Ces deux événements qui se sont télescopés par hasard dans le spectacle médiatique symbolisent parfaitement, chacun à leur manière, les deux tendances qui traversent la société portugaise en ces temps de crise

Il paraît de plus en plus évident que le mouvement de la démocratie de notre époque se réduit à l’alternance entre deux courants politiques siamois au sommet de l’État, soumis à une même logique économique. Au Portugal aussi, le fait électoral n’est plus un choix mais un rejet. (...)
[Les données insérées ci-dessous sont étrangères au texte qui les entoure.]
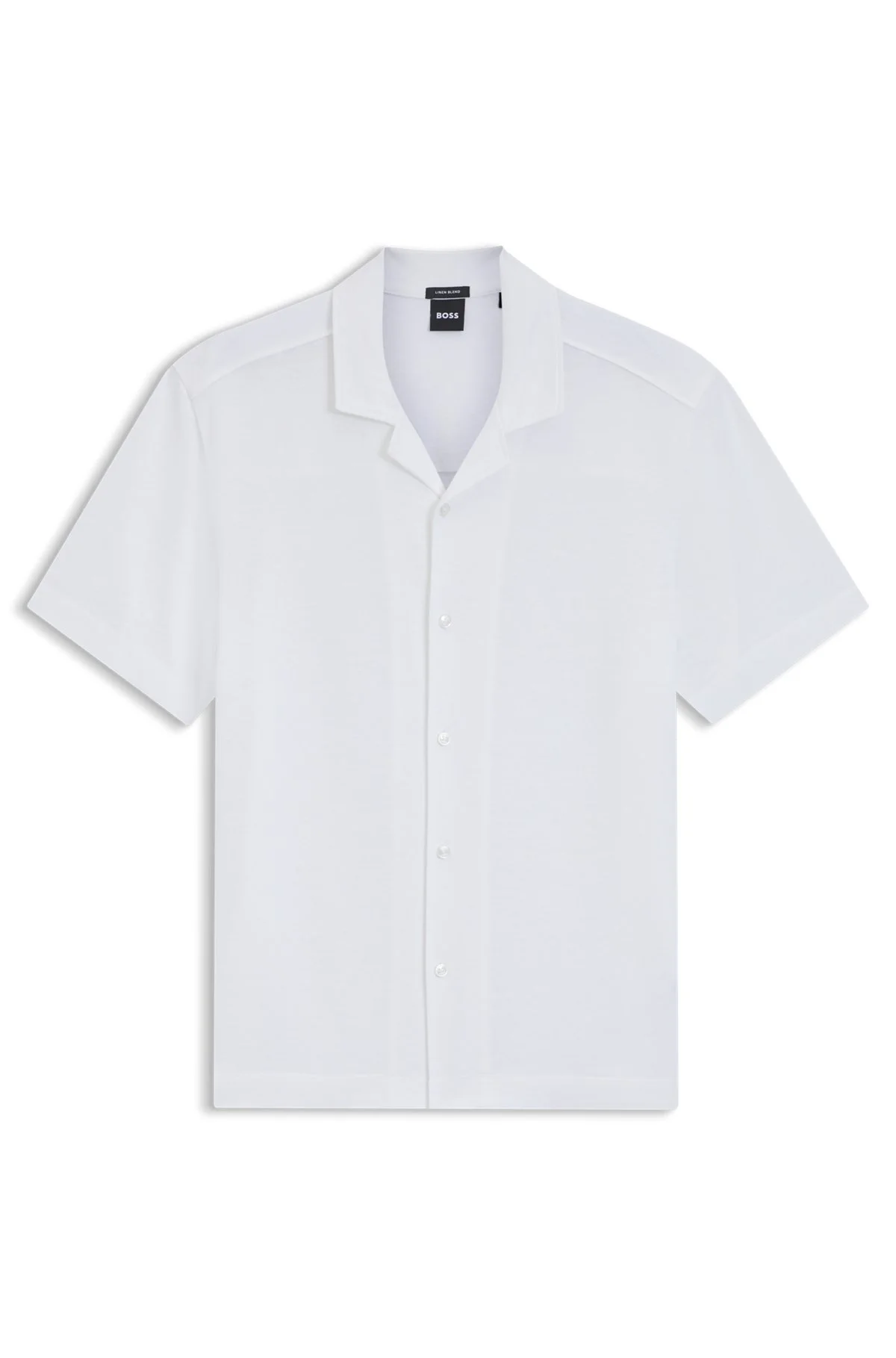 REGULAR-FIT SHIRT IN COTTON AND LINEN - 1
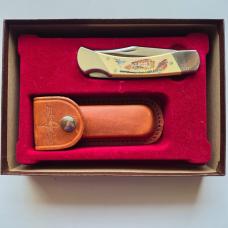 Vintage Schrade USA Flight of the Flyer Wright Brothers Scrimshaw Knife CIB Box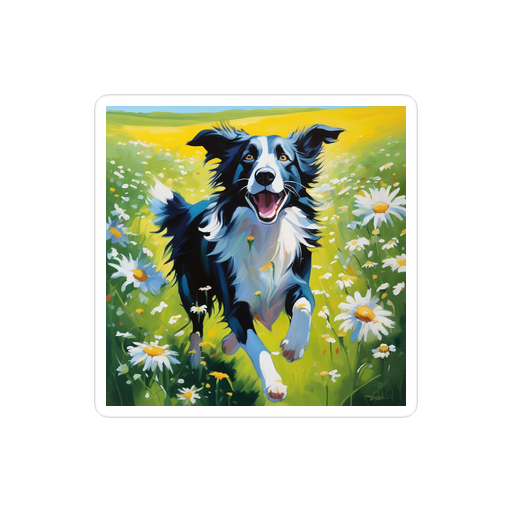 PugMug Custom Border Collie Sticker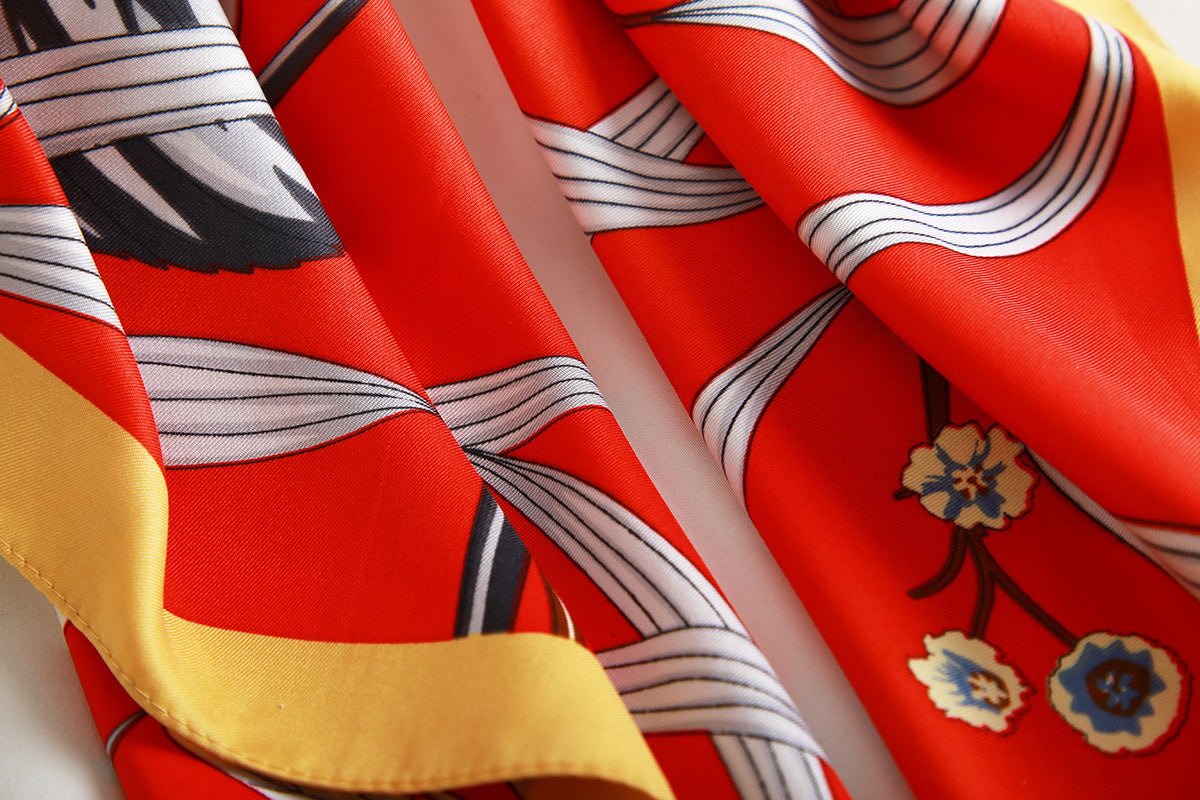 CrossKulture - VibrantSpark satin scarf view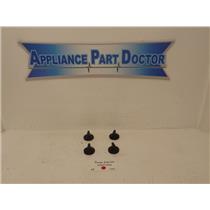 GE Range WB03T10332 Burner Knob Set Used
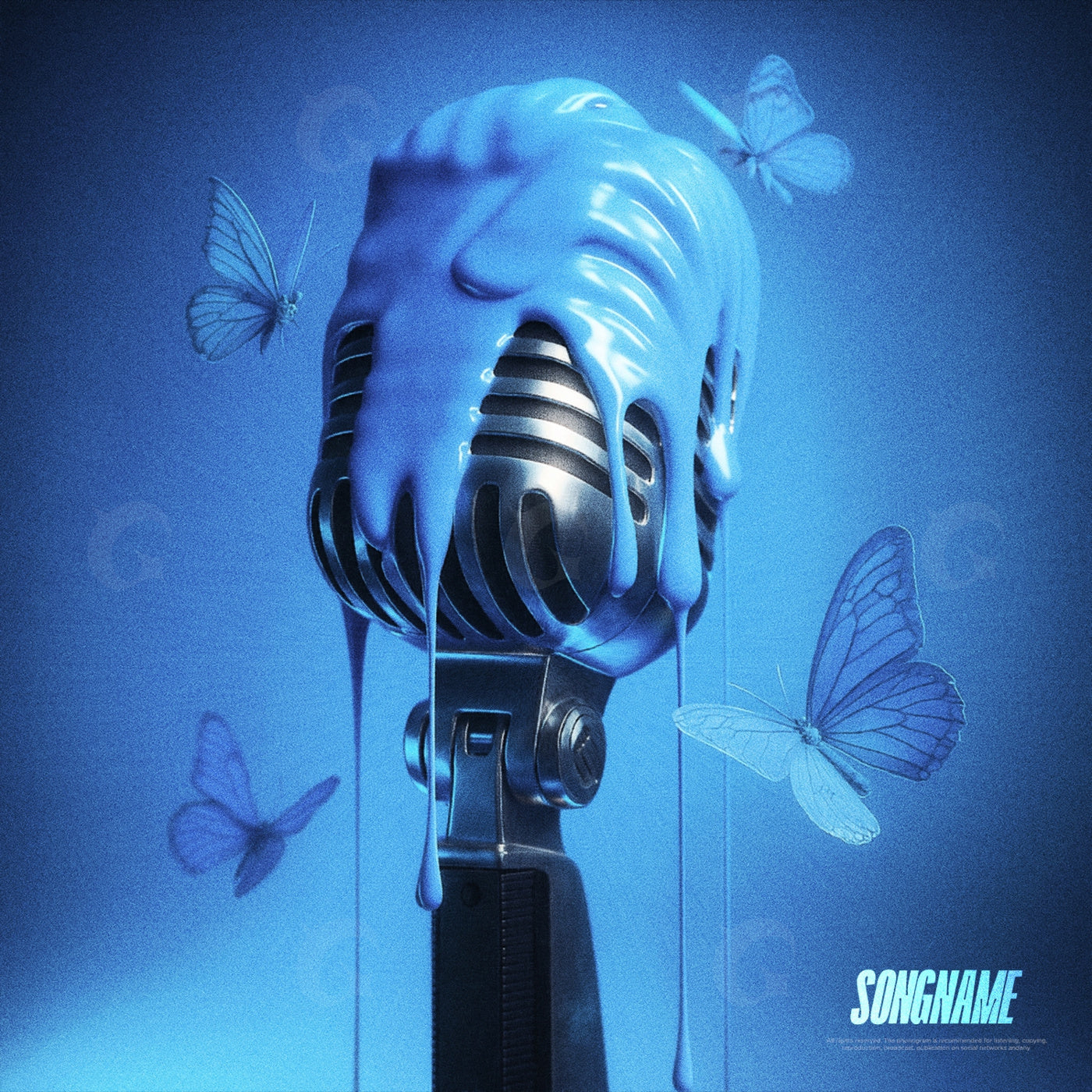 Butterfly dripping microphone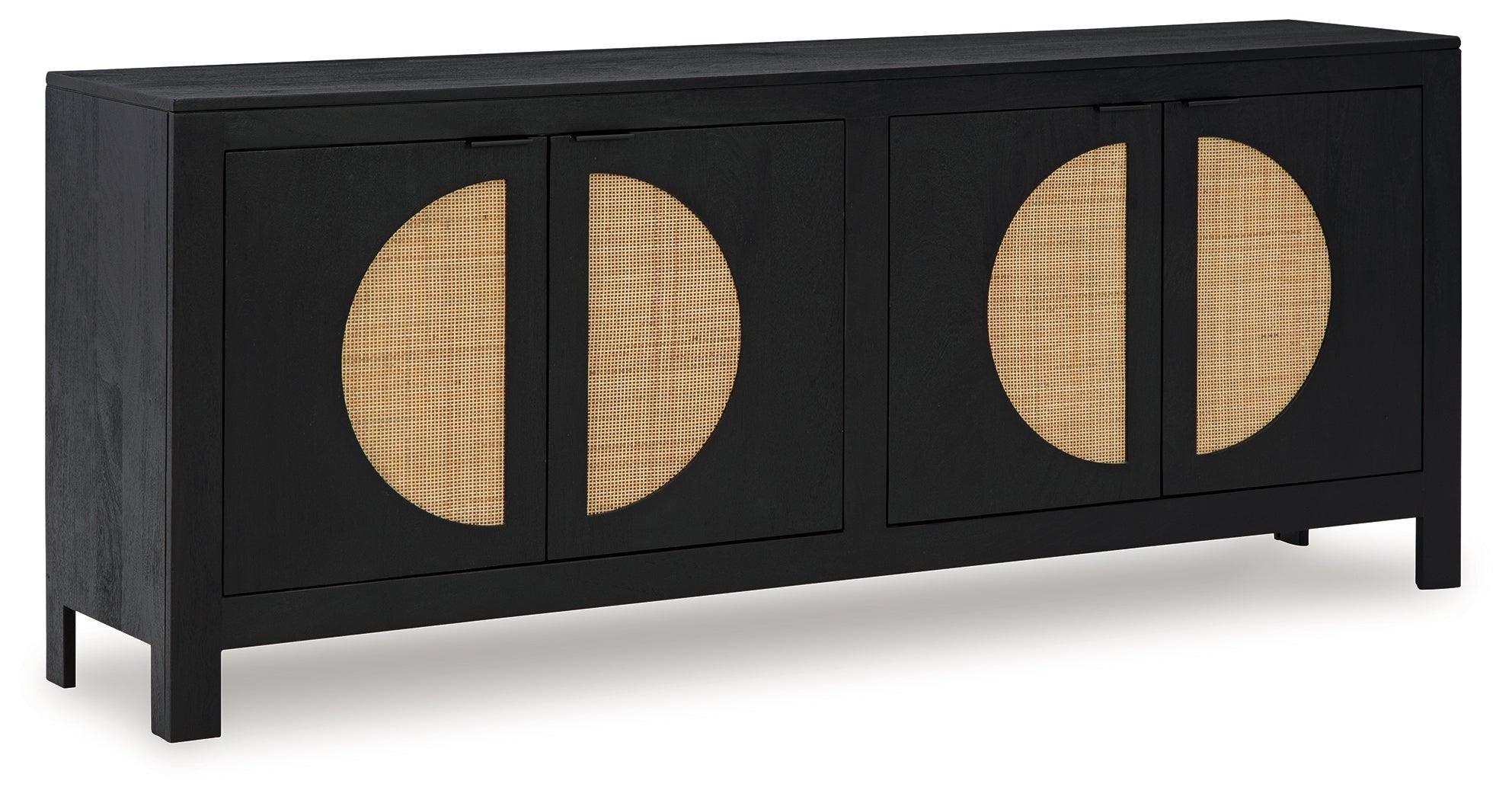 Cliffiings Black Natural Accent Cabinet - Image 2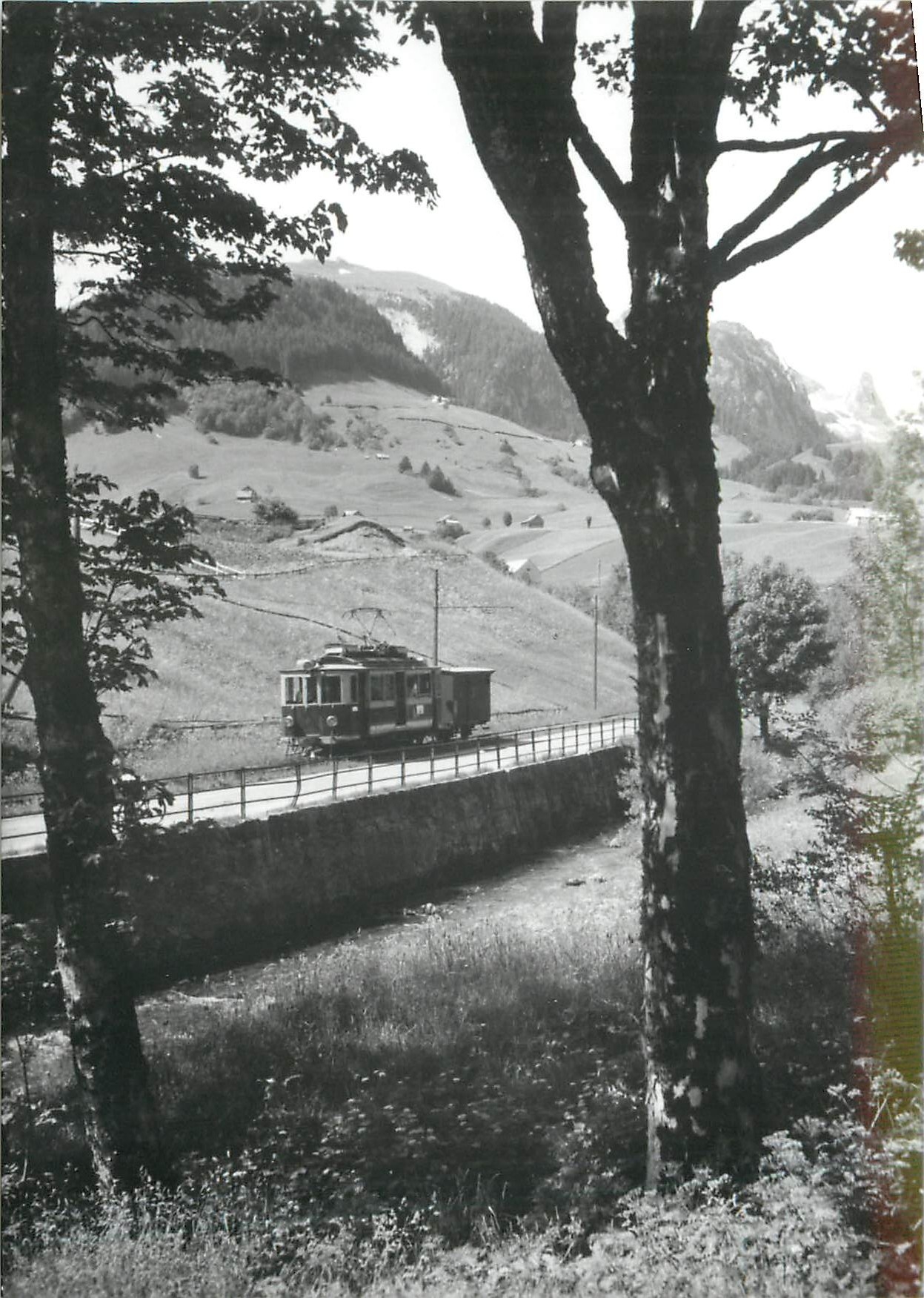 CPM Gueterzug bei Weissbad (um 1940) CFe 2/2 3 mit K 51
Un train de mesures d’austérité infernal, qui semble s’allonger à chaque jour qui passe… (...)

On imagine aisément les conséquences sociales d’une telle offensive capitaliste dans une des sociétés les plus pauvres d’Europe occidentale, où le niveau de vie était déjà bas et les salaires pas folichons (presque la moitié de ceux de l’Espagne). (...)

Le Portugal est le pays où les mesures d’austérité pèsent le plus sur les plus pauvres. Plus qu’en Grèce et loin devant l’Estonie ou l’Irlande6. Dans le même temps, la concentration de la richesse s’accélère, un processus commencé dans les années 1980. (...)

Les premières victimes de la croissance rapide des inégalités et de l’appauvrissement sont les vieux retraités ou pensionnés, les femmes et les jeunes travailleurs, diplômés ou non (...)

Pendant ce temps, le secteur bancaire – qui constitue désormais le noyau de la classe capitaliste portugaise – impliqué, comme partout ailleurs, dans la spéculation financière et immobilière avec son cortège de corruptions, continue à être renfloué par l’Etat. « Assaini », disent-ils… (...)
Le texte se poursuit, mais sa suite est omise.